Appeals court tells EPA to ban pesticide or decide it's safe

Environmental Protection Agency (EPA) Administrator Michael Regan, appears before a Senate Appropriations Committee hearing on Capitol Hill, Tuesday, April 20, 2021 in Washington. (Oliver Contreras/The Washington Post via AP, Pool)
Environmental Protection Agency (EPA) Administrator Michael Regan, appears before a Senate Appropriations Committee hearing on Capitol Hill, Tuesday, April 20, 2021 in Washington. (Oliver Contreras/The Washington Post via AP, Pool) (Oliver Contreras)

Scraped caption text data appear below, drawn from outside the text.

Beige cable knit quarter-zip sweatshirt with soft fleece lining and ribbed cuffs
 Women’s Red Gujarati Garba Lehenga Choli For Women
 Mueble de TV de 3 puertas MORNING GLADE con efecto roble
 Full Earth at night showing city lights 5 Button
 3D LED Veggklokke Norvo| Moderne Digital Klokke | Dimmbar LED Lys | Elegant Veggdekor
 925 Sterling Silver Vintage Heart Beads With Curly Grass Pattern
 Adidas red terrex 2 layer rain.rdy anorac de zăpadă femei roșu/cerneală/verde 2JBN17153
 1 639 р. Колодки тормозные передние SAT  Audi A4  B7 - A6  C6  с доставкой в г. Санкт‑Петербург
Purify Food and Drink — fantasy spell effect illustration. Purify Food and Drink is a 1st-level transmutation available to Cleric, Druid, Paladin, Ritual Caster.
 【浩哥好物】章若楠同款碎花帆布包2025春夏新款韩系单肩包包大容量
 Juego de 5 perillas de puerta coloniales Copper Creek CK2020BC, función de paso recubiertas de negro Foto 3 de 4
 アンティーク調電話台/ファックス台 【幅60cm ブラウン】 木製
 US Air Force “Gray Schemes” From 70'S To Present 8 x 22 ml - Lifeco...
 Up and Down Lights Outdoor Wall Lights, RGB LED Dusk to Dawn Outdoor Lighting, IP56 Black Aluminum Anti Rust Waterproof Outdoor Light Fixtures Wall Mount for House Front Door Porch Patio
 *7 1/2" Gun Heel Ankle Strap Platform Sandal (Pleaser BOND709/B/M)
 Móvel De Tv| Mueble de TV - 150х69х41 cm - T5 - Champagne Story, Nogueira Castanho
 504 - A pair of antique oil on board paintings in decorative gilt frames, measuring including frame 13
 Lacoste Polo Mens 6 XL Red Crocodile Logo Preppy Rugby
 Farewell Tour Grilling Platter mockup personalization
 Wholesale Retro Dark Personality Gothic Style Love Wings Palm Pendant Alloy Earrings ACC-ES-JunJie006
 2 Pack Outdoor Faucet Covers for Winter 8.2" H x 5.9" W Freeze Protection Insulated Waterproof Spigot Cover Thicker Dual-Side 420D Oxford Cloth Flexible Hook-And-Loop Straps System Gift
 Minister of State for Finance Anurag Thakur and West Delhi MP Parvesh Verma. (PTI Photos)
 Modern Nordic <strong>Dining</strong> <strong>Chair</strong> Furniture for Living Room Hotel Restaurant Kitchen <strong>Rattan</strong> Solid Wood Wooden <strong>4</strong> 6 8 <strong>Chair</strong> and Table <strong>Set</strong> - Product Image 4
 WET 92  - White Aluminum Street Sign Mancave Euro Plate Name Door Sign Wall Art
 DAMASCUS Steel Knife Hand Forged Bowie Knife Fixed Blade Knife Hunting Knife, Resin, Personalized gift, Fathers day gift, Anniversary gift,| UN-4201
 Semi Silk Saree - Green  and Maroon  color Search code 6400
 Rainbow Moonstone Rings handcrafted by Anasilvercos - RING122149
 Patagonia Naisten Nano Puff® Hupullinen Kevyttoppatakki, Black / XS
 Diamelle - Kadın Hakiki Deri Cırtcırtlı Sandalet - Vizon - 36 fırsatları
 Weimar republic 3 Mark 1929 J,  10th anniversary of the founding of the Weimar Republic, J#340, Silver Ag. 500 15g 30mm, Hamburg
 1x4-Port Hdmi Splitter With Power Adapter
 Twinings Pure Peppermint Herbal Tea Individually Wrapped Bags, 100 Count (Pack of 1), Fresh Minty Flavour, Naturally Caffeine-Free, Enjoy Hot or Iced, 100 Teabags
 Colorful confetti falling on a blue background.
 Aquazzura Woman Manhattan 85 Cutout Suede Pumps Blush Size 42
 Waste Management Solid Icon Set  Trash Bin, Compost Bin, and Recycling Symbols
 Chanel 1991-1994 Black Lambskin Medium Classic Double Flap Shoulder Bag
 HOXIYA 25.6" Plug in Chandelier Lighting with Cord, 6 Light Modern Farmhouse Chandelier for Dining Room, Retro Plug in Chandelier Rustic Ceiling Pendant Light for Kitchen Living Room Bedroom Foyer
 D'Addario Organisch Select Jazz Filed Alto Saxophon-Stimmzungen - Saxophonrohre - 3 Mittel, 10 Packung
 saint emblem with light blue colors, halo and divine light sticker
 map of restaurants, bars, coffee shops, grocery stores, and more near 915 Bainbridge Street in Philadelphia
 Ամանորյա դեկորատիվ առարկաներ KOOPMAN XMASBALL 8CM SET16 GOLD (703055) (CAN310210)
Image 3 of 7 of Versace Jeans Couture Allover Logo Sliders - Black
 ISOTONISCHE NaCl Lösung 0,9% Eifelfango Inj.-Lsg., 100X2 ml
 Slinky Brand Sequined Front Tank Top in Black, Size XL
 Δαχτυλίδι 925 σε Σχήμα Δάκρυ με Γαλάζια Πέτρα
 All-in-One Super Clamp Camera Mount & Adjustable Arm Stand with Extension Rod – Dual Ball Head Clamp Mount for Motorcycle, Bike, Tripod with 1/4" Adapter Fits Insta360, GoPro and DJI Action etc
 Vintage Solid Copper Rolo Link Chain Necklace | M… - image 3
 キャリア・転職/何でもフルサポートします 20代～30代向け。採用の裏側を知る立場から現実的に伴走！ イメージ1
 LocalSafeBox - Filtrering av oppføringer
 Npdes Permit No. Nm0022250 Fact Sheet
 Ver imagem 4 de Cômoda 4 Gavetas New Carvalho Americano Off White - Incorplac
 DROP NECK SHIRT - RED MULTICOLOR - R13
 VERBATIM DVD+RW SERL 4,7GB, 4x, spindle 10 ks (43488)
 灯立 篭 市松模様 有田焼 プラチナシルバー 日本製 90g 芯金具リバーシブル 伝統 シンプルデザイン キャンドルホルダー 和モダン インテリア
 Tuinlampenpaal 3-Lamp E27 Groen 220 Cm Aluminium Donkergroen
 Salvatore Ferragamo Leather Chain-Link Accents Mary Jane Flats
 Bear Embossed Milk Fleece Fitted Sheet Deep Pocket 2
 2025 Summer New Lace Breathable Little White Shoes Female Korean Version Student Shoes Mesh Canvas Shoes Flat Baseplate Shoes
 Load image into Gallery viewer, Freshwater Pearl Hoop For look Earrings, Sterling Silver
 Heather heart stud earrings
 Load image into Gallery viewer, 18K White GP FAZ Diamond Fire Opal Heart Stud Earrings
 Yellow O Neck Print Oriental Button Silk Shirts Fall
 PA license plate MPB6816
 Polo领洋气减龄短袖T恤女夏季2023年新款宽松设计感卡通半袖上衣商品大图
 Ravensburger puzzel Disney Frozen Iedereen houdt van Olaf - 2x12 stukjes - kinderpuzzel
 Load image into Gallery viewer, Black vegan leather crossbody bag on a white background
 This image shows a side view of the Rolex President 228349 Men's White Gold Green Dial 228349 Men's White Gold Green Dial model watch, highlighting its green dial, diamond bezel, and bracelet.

WASHINGTON – A federal appeals court on Thursday ordered the Environmental Protection Agency to quickly determine whether a pesticide linked to brain damage in children should be banned, saying the agency had delayed acting on the widely used bug-killer chlorpyrifos for nearly 14 years.

In a 2-1 decision, the San Francisco-based 9th U.S. Circuit Court of Appeals ordered the EPA to act on a possible ban within 60 days.

“The EPA has spent more than a decade assembling a record of chlorpyrifos’s ill effects,″ U.S. District Judge Jed S. Rakoff wrote. “Yet, rather than ban the pesticide or reduce the tolerances to levels that the EPA can find are reasonably certain to cause no harm, the EPA has sought to evade, through one delaying tactic after another, its plain statutory duties.″

Rakoff and U.S. Circuit Judge Jacqueline H. Nguyen ordered the EPA to decide within 60 days whether the pesticide is safe, including for infants and children, or ban it.

U.S. Circuit Judge Jay S. Bybee, in dissent, said 60 days was too short, "likely predetermining EPA’s option'' and forcing a ban.

“This is a vast overreach, a clear abuse of our discretion,'' Bybee wrote.

The decision comes after a yearslong battle over the pesticide, which is widely used on oranges, soybeans, almonds and other crops.

During the Obama administration, the EPA had initiated a ban, but the agency reversed that decision shortly after President Donald Trump took office in 2017. The EPA rejected a legal challenge in 2019, saying environmental groups had failed to prove a ban was warranted.